Task details: If a line below falls between the line with "fellengel_mimi_7" and the line with "Programa AgroAmigo oferece R$ 1 bilhão", or is one of those two, output it exactly; output nothing else and no pictures.

Supplied material:

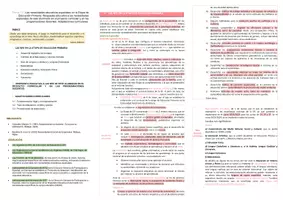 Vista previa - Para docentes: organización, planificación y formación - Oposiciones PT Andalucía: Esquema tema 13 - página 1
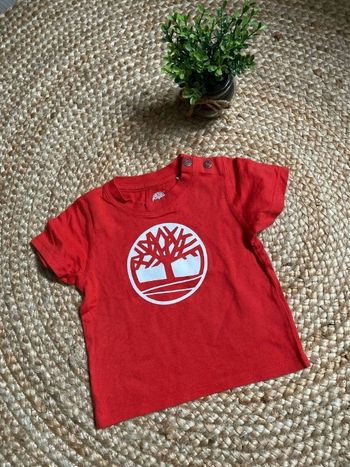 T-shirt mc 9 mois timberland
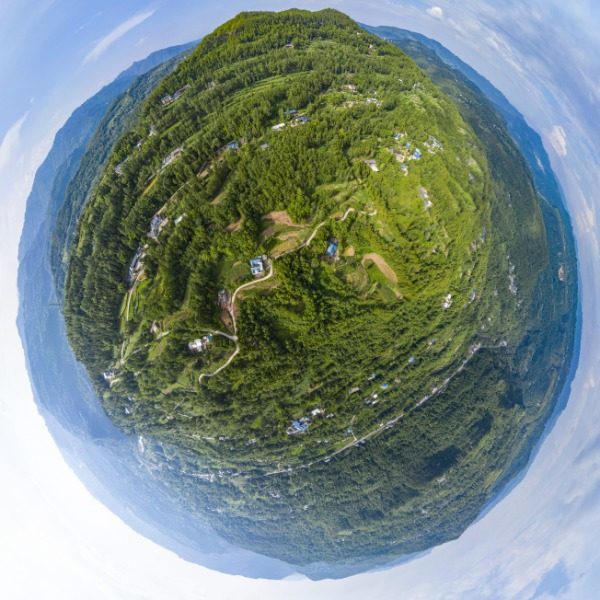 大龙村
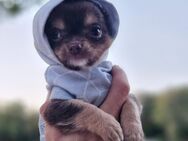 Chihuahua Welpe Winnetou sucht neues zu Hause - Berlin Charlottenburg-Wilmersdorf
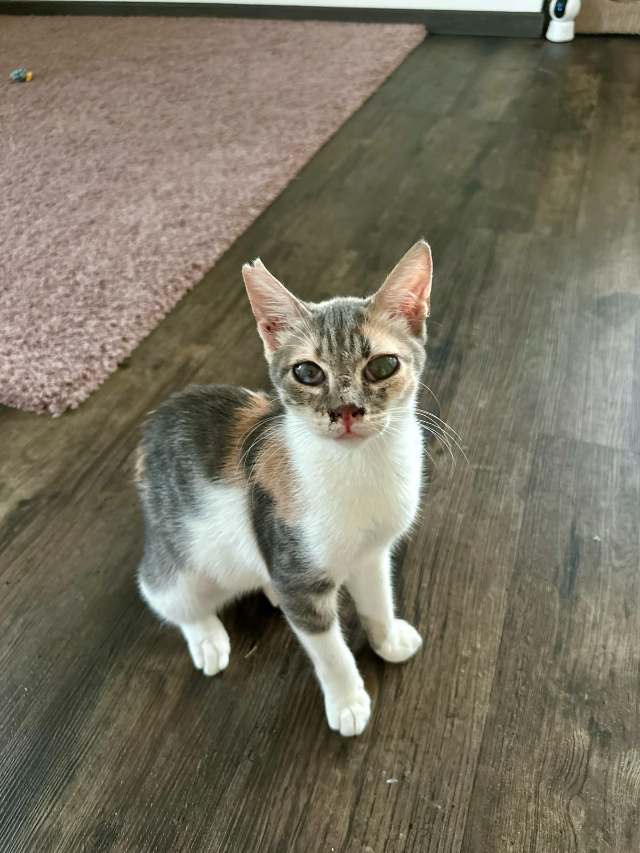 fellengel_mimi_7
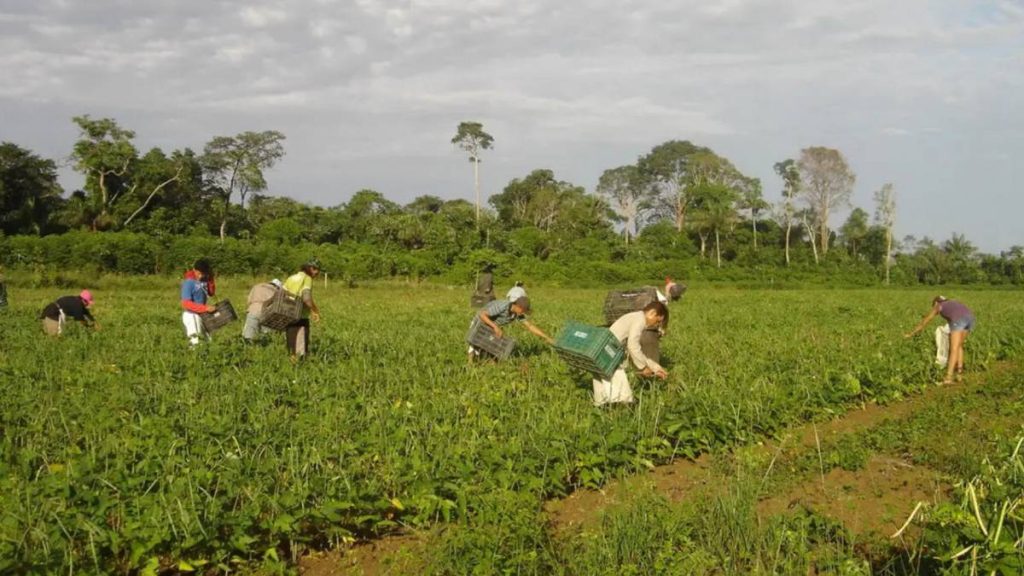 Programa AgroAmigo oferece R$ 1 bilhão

* * *

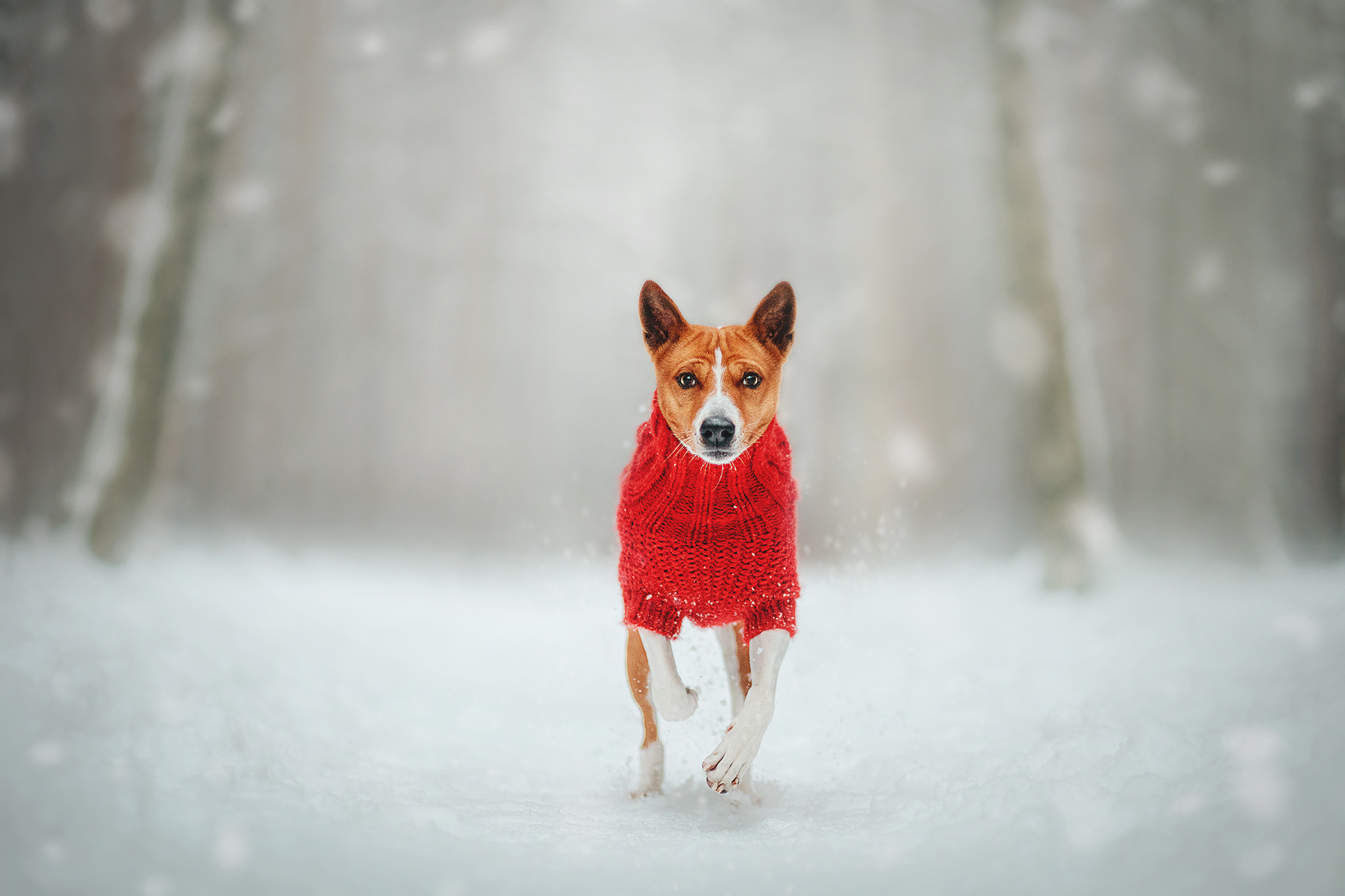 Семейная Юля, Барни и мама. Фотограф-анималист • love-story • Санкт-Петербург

Answer below:
 fellengel_mimi_7
 Programa AgroAmigo oferece R$ 1 bilhão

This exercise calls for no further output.